Gallardo also contends section 1170.95 violates equal
protection principles because it treats defendants convicted of
voluntary manslaughter pursuant to a plea differently from those
convicted of murder. We agree with the Courts of Appeal that
have rejected an equal protection challenge on this basis. (See
Sanchez, supra, 48 Cal.App.5th at p. 920; Paige, supra,
51 Cal.App.5th at p. 206; Cervantes, supra, 44 Cal.App.5th at
p. 888.)
Although Gallardo contends those convicted of voluntary
manslaughter and murder are similarly situated, it is axiomatic
that “‘offenders who commit different crimes are not similarly
situated for equal protection purposes.’” (Cervantes, supra,
44 Cal.App.5th at p. 888; accord, Paige, supra, 51 Cal.App.5th at
p. 206; Sanchez, supra, 48 Cal.App.5th at p. 920.) Because
Gallardo was “‘convicted of voluntary manslaughter, a different
crime from murder, which carries a different punishment,’” he
“‘has failed to establish the threshold requirement of an equal
protection claim: disparate treatment of similarly situated
persons.’” (Sanchez, at p. 920; accord, Paige, at p. 205; Cervantes,
at p. 888.)
Even if those convicted of manslaughter and murder were
similarly situated for purposes of section 1170.95, we agree with
the reasoning of the courts in Paige, supra, 51 Cal.App.5th at
page 205, Sanchez, supra, 48 Cal.App.5th at page 921, and
Cervantes, supra, 44 Cal.App.5th at page 888 that an equal
protection challenge still fails. “[I]f the classification does not
involve a suspect class, legislation is presumed to be valid under
the equal protection clause if the statutory classification is
14
rationally related to a legitimate state interest.” (People v. Mora
(2013) 214 Cal.App.4th 1477, 1483; see Paige, at p. 205 [applying
rational basis review in deciding equal protection challenge];
Sanchez, at p. 921 [same]; Cervantes, at p. 888 [same]; People v.

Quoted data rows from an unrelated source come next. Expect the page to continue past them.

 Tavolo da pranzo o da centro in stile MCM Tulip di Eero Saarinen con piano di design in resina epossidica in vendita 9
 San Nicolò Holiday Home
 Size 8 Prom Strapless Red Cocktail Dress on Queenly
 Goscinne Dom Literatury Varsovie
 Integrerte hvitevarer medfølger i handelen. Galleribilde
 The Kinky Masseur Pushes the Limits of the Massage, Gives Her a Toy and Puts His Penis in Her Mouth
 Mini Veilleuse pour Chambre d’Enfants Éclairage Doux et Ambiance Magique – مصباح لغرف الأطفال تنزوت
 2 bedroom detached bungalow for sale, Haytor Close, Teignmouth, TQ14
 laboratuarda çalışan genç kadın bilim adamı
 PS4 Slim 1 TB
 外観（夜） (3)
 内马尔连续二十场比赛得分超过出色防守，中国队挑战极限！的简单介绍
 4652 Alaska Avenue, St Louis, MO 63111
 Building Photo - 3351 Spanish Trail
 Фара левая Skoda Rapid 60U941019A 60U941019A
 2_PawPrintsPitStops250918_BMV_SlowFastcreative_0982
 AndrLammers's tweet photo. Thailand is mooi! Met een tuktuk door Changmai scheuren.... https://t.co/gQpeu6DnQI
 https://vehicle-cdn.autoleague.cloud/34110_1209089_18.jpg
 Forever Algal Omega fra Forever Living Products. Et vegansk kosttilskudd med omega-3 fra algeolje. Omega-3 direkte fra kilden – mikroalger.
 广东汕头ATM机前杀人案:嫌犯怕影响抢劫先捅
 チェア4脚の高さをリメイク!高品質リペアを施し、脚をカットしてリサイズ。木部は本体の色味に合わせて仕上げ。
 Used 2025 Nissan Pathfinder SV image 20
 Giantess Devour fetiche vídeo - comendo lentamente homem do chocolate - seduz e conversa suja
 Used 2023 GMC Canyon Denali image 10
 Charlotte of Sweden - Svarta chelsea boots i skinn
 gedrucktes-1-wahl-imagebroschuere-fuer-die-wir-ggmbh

Lopez, supra, 38 Cal.App.5th at p. 1111 [“We . . . apply rational
basis review to determine whether the Legislature’s limitation of
the ameliorative provisions of Senate Bill 1437 was justified.”].)
As the Sanchez court explained, “[T]he Legislature could
have reasonably concluded ‘that the punishment for voluntary
manslaughter was appropriate, but the punishment for murder
based on the [natural and probable consequences theory] could be
excessive and reform was needed only there.’ [Citation.] ‘“The
Legislature is responsible for determining which class of crimes
deserves certain punishments and which crimes should be
distinguished from others. As long as the Legislature acts
rationally, such determinations should not be disturbed.”’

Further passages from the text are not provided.